There is a perception that ultimately success in the music industry is the result of a lucky break. But if it is, then being one of the handful of men and women that leave earth’s atmosphere is equally so. It is also equally the result of talent and aptitude coupled with years of hard work, dedication, self-belief and relentless application in the face of seemingly insurmountable odds.
Governments tell us that what Britain needs is entrepreneurs. Risk takers and creative thinkers who can apply lateral thinking and ingenuity in the commercial environment to generate wealth and create British brands that express our nation’s greatness culminating in the spin-off benefits for us all – Aston Martin, James Bond, London 2012 – Greatness equals tourism and the rise of British appeal on the global stage and that means big wins for all of us.
But surely we can add to that list The Beatles, The Stones, Led Zeppelin, Pink Floyd, Radiohead, Mumford & Sons, Adele and now Sam Smith, Ed Sheeran and more and more entrepreneurs in music who have combined art and craft to develop world-beating brands that achieve just as much as Dyson, Burberry and Pimms.
Succeeding as an artist is in itself entrepreneurial success and musicians often apply these skills in other, unrelated areas from Alex James’ cheese business to Ian Anderson’s salmon farm in Skye.
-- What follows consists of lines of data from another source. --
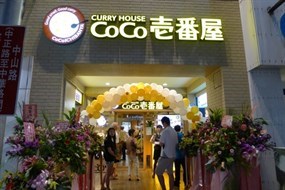 CoCo壹番屋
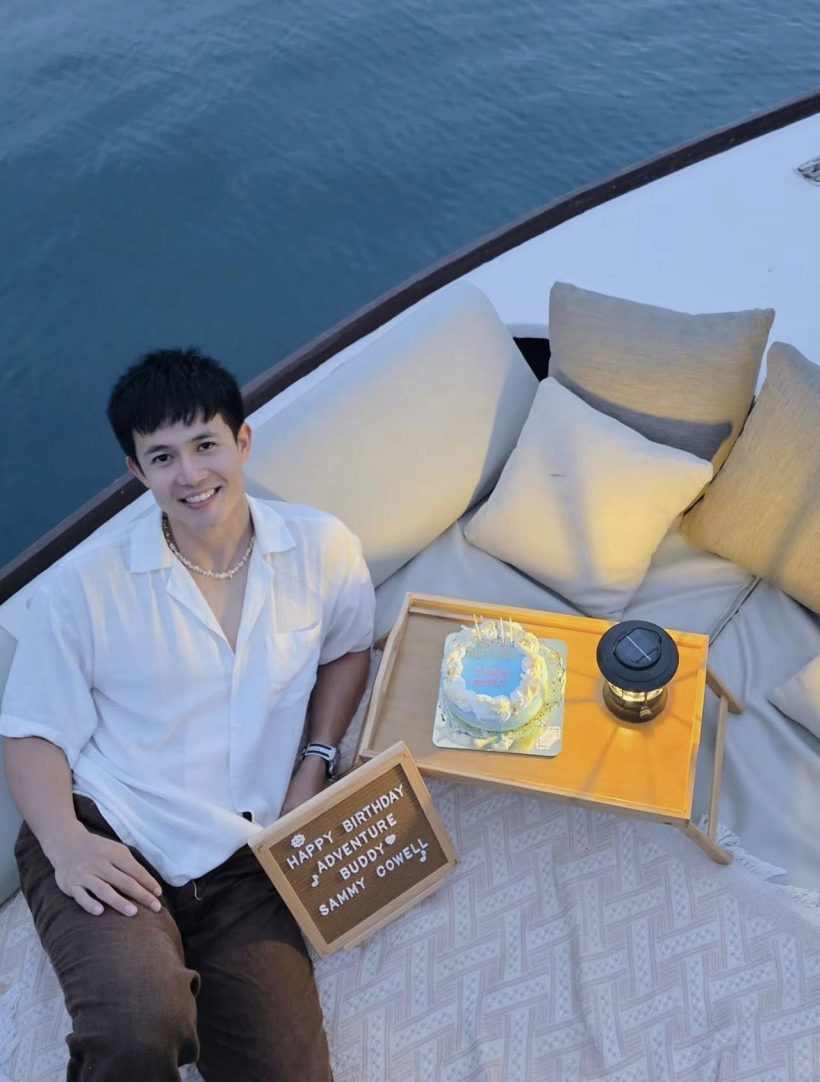 ความรักที่ลงตัว! 'แชมป์ ชนาธิป' พูดถึง 'แซมมี่' ในแบบที่ทุกคนต้องอิจฉา!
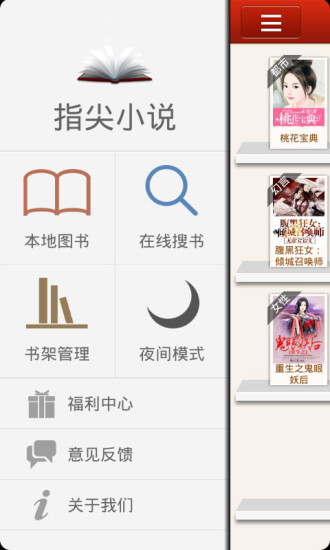 【免費書籍App】指尖小说-APP點子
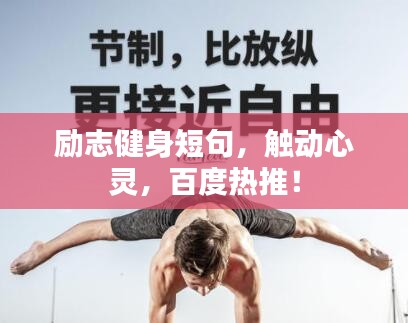 勵(lì)志健身短句，觸動(dòng)心靈，百度熱推！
Indeed, music’s ability to let people connect was highlighted by astronaut Chris Hadfield whose version of Space Oddity has been viewed almost 25 million times compared with Neil Armstrong’s moon landing which has been viewed 1.2 million times.
The road ahead of the rockstar may be less directed by formal qualifications and the path to success less linear perhaps, but there is no better school for entrepreneurs than the teenage passion to create something out of nothing and to get strangers to pay money for your dreams. The 10,000 hours spent mastering the guitar are not wasted; whether or not that particular guitarist ends up playing a screaming solo at Wembley to adoring crowds. Plenty end up as lawyers and bankers and even more end up in A&R, marketing, PR, branding, music management, music publishing and the plethora of tech platforms leading us into the digital music revolution and providing the infrastructure and ecosystem in which those few that do make it, thrive.
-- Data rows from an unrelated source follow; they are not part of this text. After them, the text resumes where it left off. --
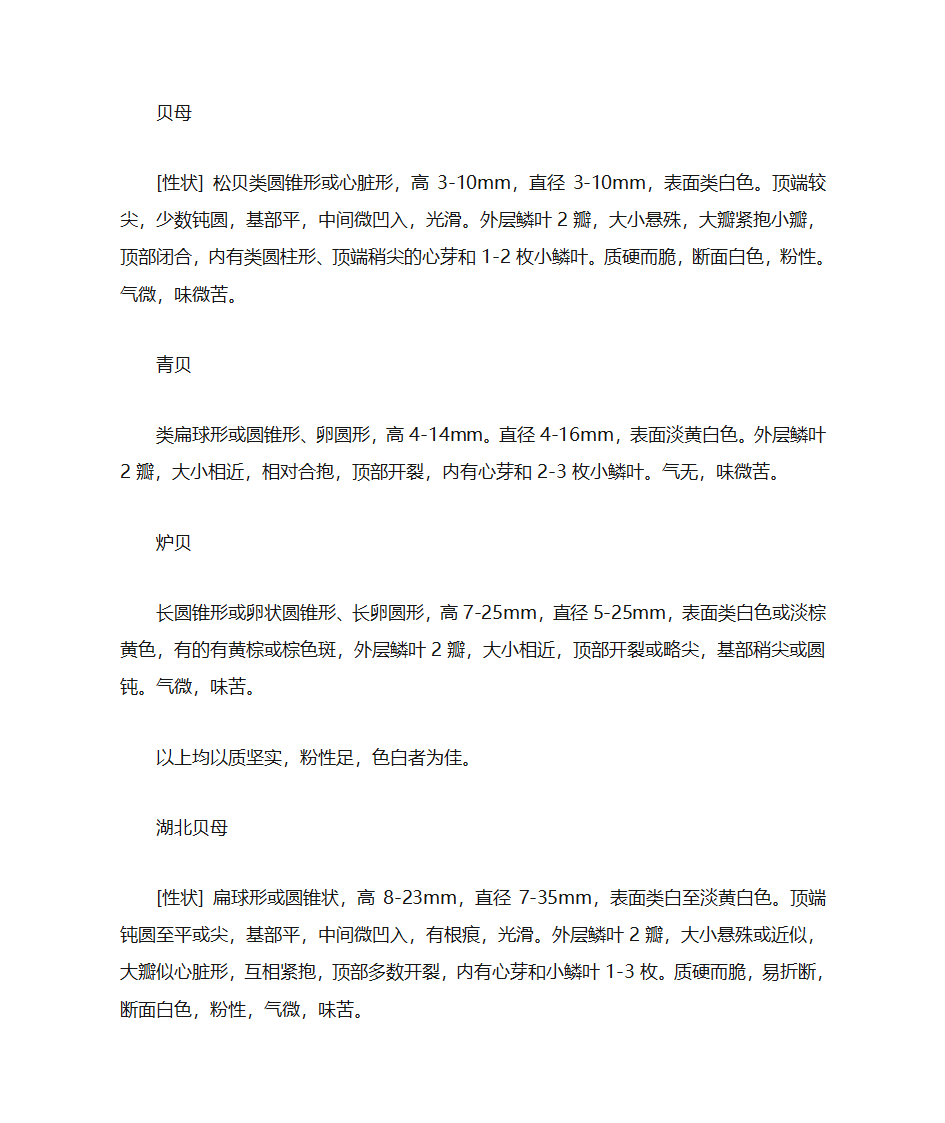 贝母第13页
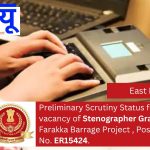 Preliminary Scrutiny Status of candidates for the vacancy of Stenographer Grade-II in Farakka Barrage Project , Post category No. ER15424.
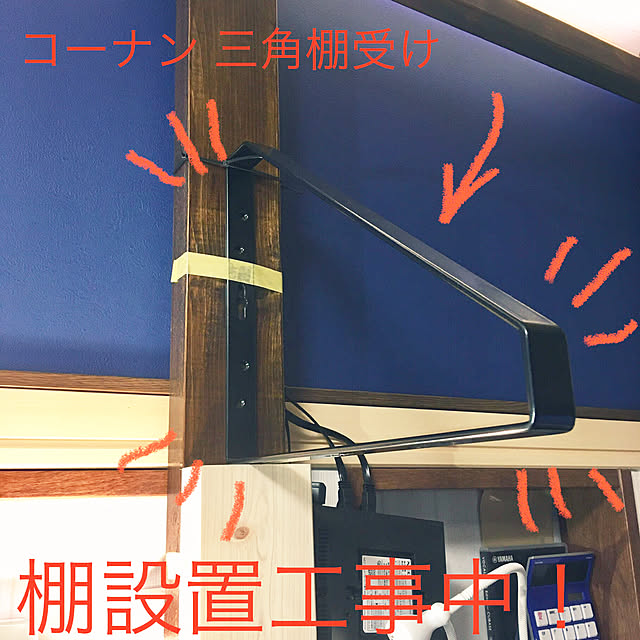 Pasadenaさんの実例写真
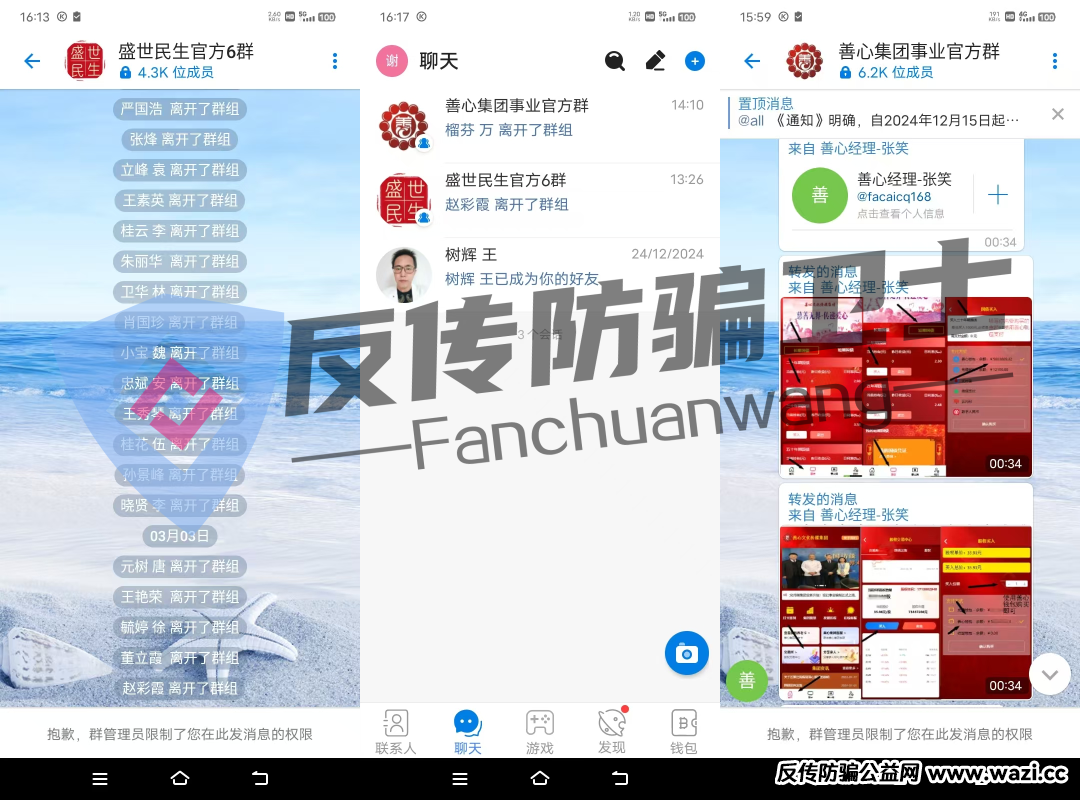 【远离暴雷】8大高危诈骗项目清单曝光！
In fact some of the routes available to the rockstar that doesn’t make it are the core targets in our nation’s plan for economic growth into the future. The astronaut on the other hand could be argued to be destined to be an employee; fulfilling incredibly important roles without doubt but generally from within larger organisations and therefore arguably less likely to be catalysing Britain’s next big thing on the international business stage.
It is time we stopped being scared to dream and time we started taking seriously the genuine opportunities generated by music learning. It is time also we properly recognise the Artist as entrepreneur and value generator, setting government investment in their education and development against outcomes in the commercial world as well as the cultural one.
In the final, analysis of success vs failure therefore, and between two careers with very long odds of ‘making it’, the rockstar in this case must surely have the edge as we must not forget that beyond the business debate, there is the emotional gain to each individual that takes part.
Playing music feels great and whilst the astronaut who doesn’t get to NASA can’t pop on the white suit on the weekend and go for a little float in their dream, the rockstar who never quite broke through can do just that and whether or not they are happy with their lot, they can always play on.